While details about this settlement are confidential, the court has dismissed the case with prejudice, which means that Sony can’t pursue a lawsuit for similar reasons again. Check out the full court statement below.
“Pursuant to Federal Rule of Civil Procedure and the confidential settlement of all parties, Plaintiff Sony Interactive Entertainment LLC and Defendants Tencent America LLC, Proxima Beta U.S. LLC, Tencent Holdings Ltd., Proxima Beta PTE Ltd., and Tencent Technology (Shanghai) Company Ltd., by and through their undersigned counsel of record, hereby stipulate as follows:
“All pending motions are withdrawn and this action is hereby dismissed with prejudice. All parties shall bear their own fees and costs.”
While most details about the settlement are unknown, it looks like one of the conditions was removing Light of Motiram from storefronts. This has happened, with the game not having a store page on Steam or Epic Games Store.
Sony had first filed the lawsuit all the way back in July, having accused Tencent of stealing ideas from the Horizon franchise. In its initial lawsuit, Sony referred to Light of Motiram as being a “slavish clone” of the Guerrilla-developed open-world titles Horizon Zero Dawn and Horizon Forbidden West, at least in terms of visuals. As a part of its filing, Sony was seeking monetary damages up to an unspecified amount, along with a court order that would block Tencent from violating the Horizon IP.
Tencent responded with its own statement, calling Sony’s lawsuit “improper attempt to fence off” pop culture.

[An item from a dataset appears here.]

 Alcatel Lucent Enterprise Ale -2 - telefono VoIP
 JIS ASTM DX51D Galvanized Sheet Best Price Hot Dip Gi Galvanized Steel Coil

The company alleged that Sony was not interested in “fighting off piracy, plagiarism, or any genuine threat to intellectual property.”
“It is an improper attempt to fence off a well-trodden corner of popular culture and declare it Sony’s exclusive domain,” said Tencent in a statement.. “In Sony’s telling, Horizon Zero Dawn is ‘like no fictional world created before [or] since.’” Tencent calls this claim “startling, because it is flatly contradicted by Sony’s own developers, not to mention the long history of video games featuring the same elements that Sony seeks to monopolize through this lawsuit.”
The company noted that Sony’s basis for the lawsuit was superficial, and went on to name several other games that featured similar aesthetics, including The Legend of Zelda: Breath of the Wild, Biomutant, and Outer Wilds, among others.
Sony would fire back in October by calling Tencent’s statement “nonsense” in a 42-page statement. The PlayStation maker said that “The damage is done—and it continues. SIE has already suffered injury by Tencent promoting its knock-off game, as made clear by the many instances of actual consumer confusion documented in the Complaint that Tencent does not—and cannot—challenge in its motion. The Court can redress past, ongoing, and imminent infringement.”